A viagem de Nixon à China ficou gravada como uma metáfora que representa como uma política controversa pode ser mais bem implementada pelo lado do espectro político que teoricamente reprovaria a política. Por exemplo, na crise recente nos Estados Unidos, a sociedade não reprovou quando George W. Bush estatizou diversos bancos como forma de impedir uma bancarrota generalizada. Ninguém ousaria dizer que Bush estaria criando uma América Comunista, ao contrário de quando Obama tentou realizar as mesmas políticas. Da mesma forma, os esforços bélicos realizados na administração Obama não foram vistos pela sociedade americana e global como invasões imperialistas. “Obama é um liberal pacifista”, diz o senso comum, “se ele está invadindo algum país, é porque ele tinha mesmo que fazer isso”.

Onde quero chegar com essa história? A opinião popular brasileira não é pró-liberal – acusar seu adversário de privatizador e neoliberal costuma ser uma estratégia boa para queimar a oposição durante as eleições. Vimos recentemente o candidato supostamente pró-privatização Aécio Neves defender a “reestatização da Petrobrás”, seja lá o que isso significa, para ganhar apoio popular. Os grupos de interesse como sindicatos, associações do comércio e da indústria são menos liberais ainda. Dentro desta restrição institucional brasileira, acredito que o efeito “Nixon vai à China” pode ser significativo, e que reformas liberais podem ser mais factíveis em um governo de esquerda do que em um governo de direita.

Mas por que um partido de esquerda faria reformas liberais?

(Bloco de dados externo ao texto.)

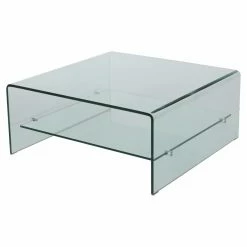 Best Pirce 😀 Best Selling Home Square Coffee Tables Eglin Coffee Table 🔔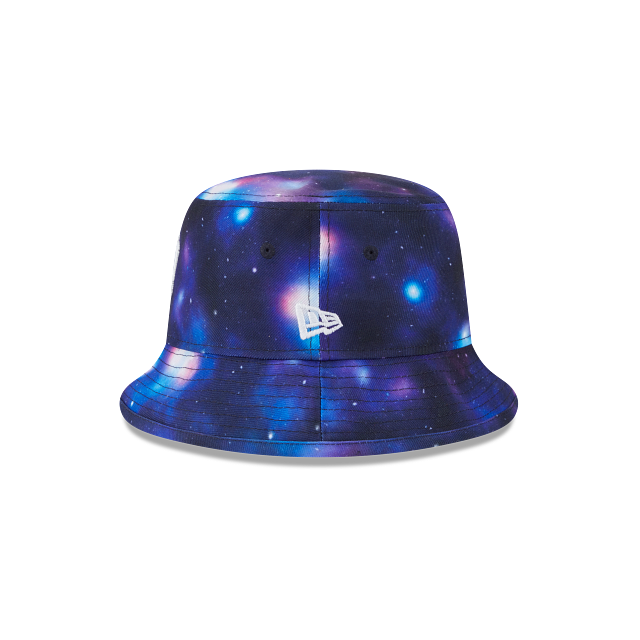 Bucket01 Galaxy Glow NY Yankees XPR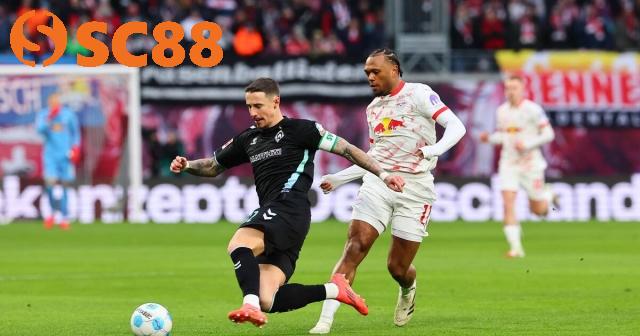 Phân Tích Đội Hình & Chiến Thuật Hiệu Quả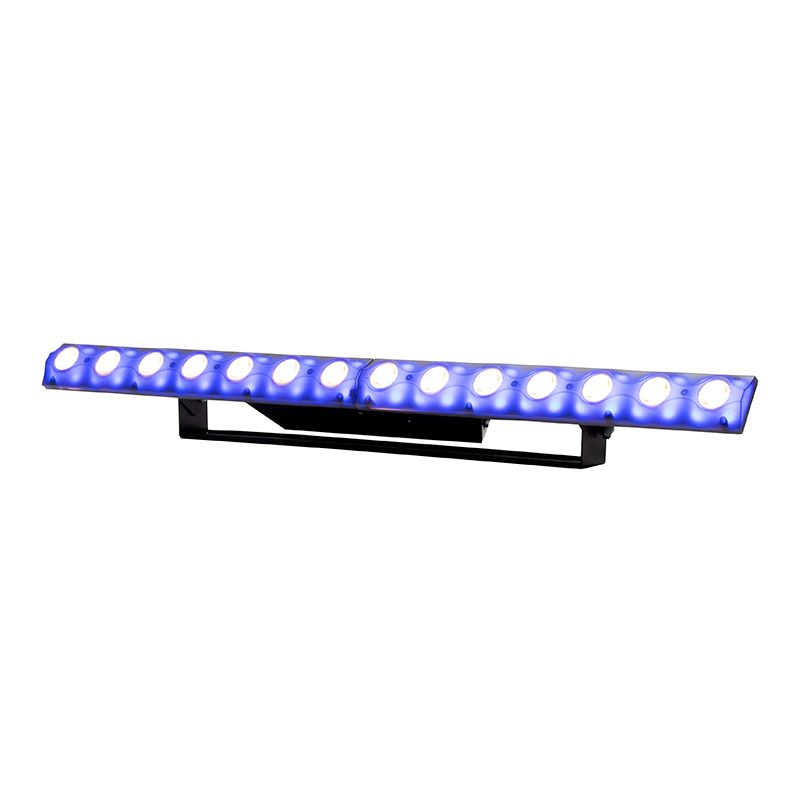 Eliminator Frost FX Bar W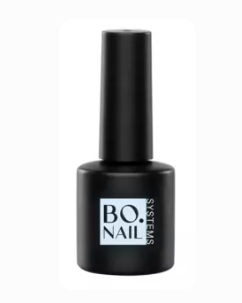 BO. GelPolish 031 Baby Blue 7ml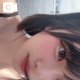 ２２：３０～空いてます❣️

Porque como eu disse inicialmente, incentivos são mais importantes que intenções. Acredite, o governo do PT está mais preocupado em se reeleger na próxima eleição do que implantar uma agenda secreta de dominação comunista do Foro de São Paulo. Um bom incentivo para a reeleição de um partido é que a economia esteja funcionando, e se, como liberais, acreditamos que as políticas que defendemos são as corretas, logo a melhor forma de manter uma economia funcionando é através de políticas liberais. Mesmo com Guido Mantega, um heterodoxo das antigas, no ministério da Fazenda, o governo está enfrentando a inflação com o aumento da taxa de juros e com cortes fiscais. Na Nova Zelândia, o Rogernomics, a versão local do Reagonomics, foi feita pelo ministro Roger Douglas no governo do Labour Party, isto é, o PT neozelandês. É claro que para este tipo de mecanismo funcionar, é necessário no mínimo instituições democráticas eficientes, o que não acontece na Venezuela, por exemplo.

Não entenda errado o meu ponto, não estou defendendo que os liberais votem na Dilma na próxima eleição. A intenção aqui é acabar com a ingenuidade de que posições ideológicas são causas fundamentais para a tomada de decisões em políticas públicas, e que decisões políticas são muito mais complexas do que conspirações feitas pelo Foro de São Paulo. A cruzada quixotesca contra o petismo que supostamente deveria unir conservadores e liberais deve ser evitada. É um pouco clichê repetir aquilo que Hayek e Mises já insistiam, mas a briga dos liberais deve ser no campo das ideias, e não no campo político.